Every chimpanzee who knew Garrey loved him and made sure he knew it. We loved him dearly as well and mourned when we had to let him go at the age of 32. We miss him without measure but know that we made the right decision for our dear friend.
Tiffany arrived at Save the Chimps earlier this year at the age of 13. Before introducing a new chimp to a family, the incoming resident is housed in our Special Needs area while we monitor the chimp’s overall health. Tiffany’s companion throughout was her lifelong friend Tuffy.
Even though she was new to sanctuary, Tiffany readily expressed her spunky nature. When other chimps were too rowdy during her nap, she would speak her mind, vocalizing to tell them to pipe down. While other chimps carry items around in their pouch (the area between the thigh and the abdomen), Tiff liked to show off by carrying them on her shoulder. The staff gave her a purse, just in case she wanted to carry more. She also loved “water based enrichments” including her kiddie pool.
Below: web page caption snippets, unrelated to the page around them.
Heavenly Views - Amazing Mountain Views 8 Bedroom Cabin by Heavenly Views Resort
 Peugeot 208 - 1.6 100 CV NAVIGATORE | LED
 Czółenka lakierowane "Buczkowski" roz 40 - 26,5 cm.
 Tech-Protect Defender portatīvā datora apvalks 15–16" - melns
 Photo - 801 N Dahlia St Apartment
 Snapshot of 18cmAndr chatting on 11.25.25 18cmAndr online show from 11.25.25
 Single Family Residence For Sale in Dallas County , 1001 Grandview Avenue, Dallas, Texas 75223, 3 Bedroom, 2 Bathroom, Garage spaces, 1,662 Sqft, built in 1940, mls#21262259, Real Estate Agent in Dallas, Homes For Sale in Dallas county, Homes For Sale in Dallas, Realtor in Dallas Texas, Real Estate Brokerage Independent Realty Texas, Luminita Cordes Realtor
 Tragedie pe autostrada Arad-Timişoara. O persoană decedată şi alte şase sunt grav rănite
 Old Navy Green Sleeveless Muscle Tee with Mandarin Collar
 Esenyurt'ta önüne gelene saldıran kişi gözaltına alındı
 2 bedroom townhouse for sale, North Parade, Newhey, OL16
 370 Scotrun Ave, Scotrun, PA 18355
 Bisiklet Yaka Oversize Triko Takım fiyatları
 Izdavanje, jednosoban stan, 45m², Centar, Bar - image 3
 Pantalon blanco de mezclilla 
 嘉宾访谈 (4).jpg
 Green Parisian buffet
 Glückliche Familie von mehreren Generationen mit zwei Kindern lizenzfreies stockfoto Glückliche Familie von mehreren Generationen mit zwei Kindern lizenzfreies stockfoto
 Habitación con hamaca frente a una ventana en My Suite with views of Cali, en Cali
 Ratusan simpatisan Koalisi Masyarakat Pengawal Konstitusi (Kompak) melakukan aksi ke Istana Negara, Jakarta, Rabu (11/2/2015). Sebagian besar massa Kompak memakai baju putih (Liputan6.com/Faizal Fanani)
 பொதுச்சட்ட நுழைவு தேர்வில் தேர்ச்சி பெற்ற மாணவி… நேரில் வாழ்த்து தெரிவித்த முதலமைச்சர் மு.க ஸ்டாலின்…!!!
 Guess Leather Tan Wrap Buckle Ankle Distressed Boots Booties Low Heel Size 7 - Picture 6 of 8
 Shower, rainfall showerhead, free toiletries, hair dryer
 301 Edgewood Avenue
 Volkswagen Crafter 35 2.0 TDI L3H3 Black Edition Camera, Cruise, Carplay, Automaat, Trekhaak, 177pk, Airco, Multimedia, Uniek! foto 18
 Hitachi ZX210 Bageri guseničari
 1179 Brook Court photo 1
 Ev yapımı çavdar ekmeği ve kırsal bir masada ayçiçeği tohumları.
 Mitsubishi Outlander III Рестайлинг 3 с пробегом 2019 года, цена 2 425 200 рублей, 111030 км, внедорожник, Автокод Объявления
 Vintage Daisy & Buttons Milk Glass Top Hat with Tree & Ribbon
After an early summer cold virus spread among the chimps at the sanctuary, we noticed some concerning health issues in Tiffany, including a decrease in appetite. As she became increasingly ill, our senior care team came together to assess the reasons behind her condition, performing several procedures, such as an MRI, that hopefully would provide important information.
We remained challenged by Tiffany’s case, so we reached out to experts across the country, as well as internationally, for advice and guidance. A diagnosis remained elusive.
We maintained focus on doing what was best for Tiffany, providing the highest level of care to the extent humanly possible. Sometimes, doing the best we can is not enough to change the course of a chimp’s life. Her condition worsened to the point that further diagnostic procedures would only increase her discomfort and decrease her quality of life. The decision was made to end the suffering of our new friend.
We came through this tremendous loss with a mission to find out more about Tiffany’s condition. A comprehensive clinical assessment is being performed at the University of Florida in Gainesville. We await the final report, but the preliminary results tell us that hers was a complex situation with a myriad of challenges, including underlying liver disease. We always seek ways to ensure the best care for our chimps, and the information from this report will advance those efforts.
All of the chimpanzees in our care make deep impressions on our hearts. We understand how much you care about them as well and know that you mourn along with us. Thank you, as always, for the compassion you show toward these amazing beings.